Please sit down. Thank you. I love you all. You’ll have to forgive me. I’ve lost my voice in screaming and lamentation this weekend. And I have lost my mind sometime earlier this year, so I have to read.

Thank you, Hollywood Foreign Press. Just to pick up on what Hugh Laurie said: You and all of us in this room really belong to the most vilified segments in American society right now. Think about it: Hollywood, foreigners and the press.

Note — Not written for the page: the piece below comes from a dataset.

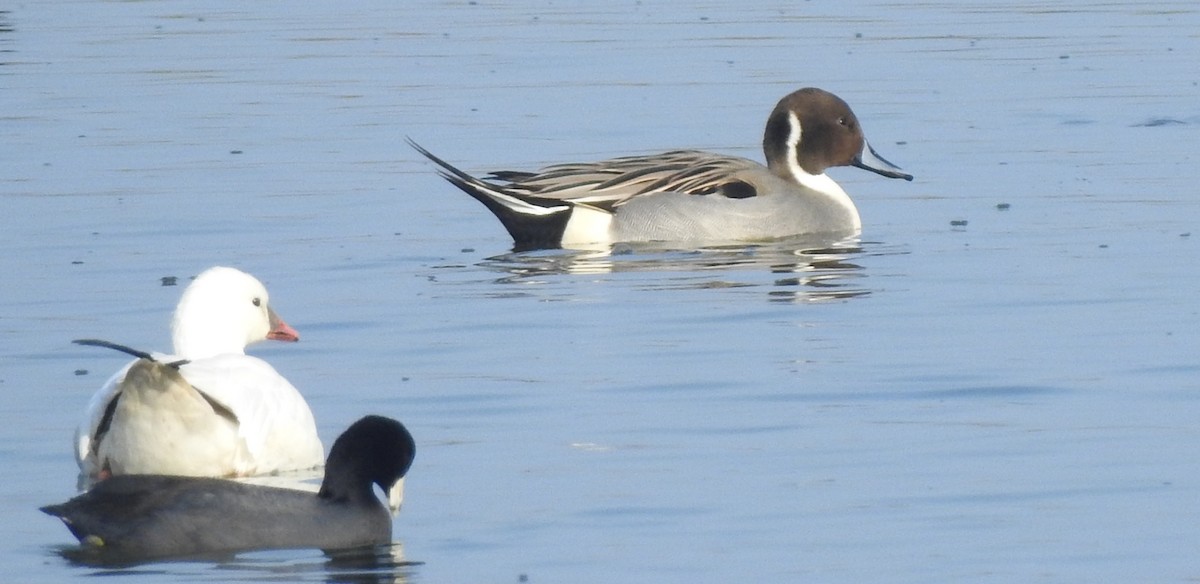 Northern Pintail - ML124070201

But who are we, and what is Hollywood anyway? It’s just a bunch of people from other places. I was born and raised and educated in the public schools of New Jersey. Viola was born in a sharecropper’s cabin in South Carolina, came up in Central Falls, Rhode Island; Sarah Paulson was born in Florida, raised by a single mom in Brooklyn. Sarah Jessica Parker was one of seven or eight kids in Ohio. Amy Adams was born in Vicenza, Italy. And Natalie Portman was born in Jerusalem. Where are their birth certificates? And the beautiful Ruth Negga was born in Addis Ababa, Ethiopia, raised in London — no, in Ireland I do believe, and she’s here nominated for playing a girl in small-town Virginia.

Ryan Gosling, like all of the nicest people, is Canadian, and Dev Patel was born in Kenya, raised in London, and is here playing an Indian raised in Tasmania. So Hollywood is crawling with outsiders and foreigners. And if we kick them all out you’ll have nothing to watch but football and mixed martial arts, which are not the arts.

They gave me three seconds to say this, so: An actor’s only job is to enter the lives of people who are different from us, and let you feel what that feels like. And there were many, many, many powerful performances this year that did exactly that. Breathtaking, compassionate work.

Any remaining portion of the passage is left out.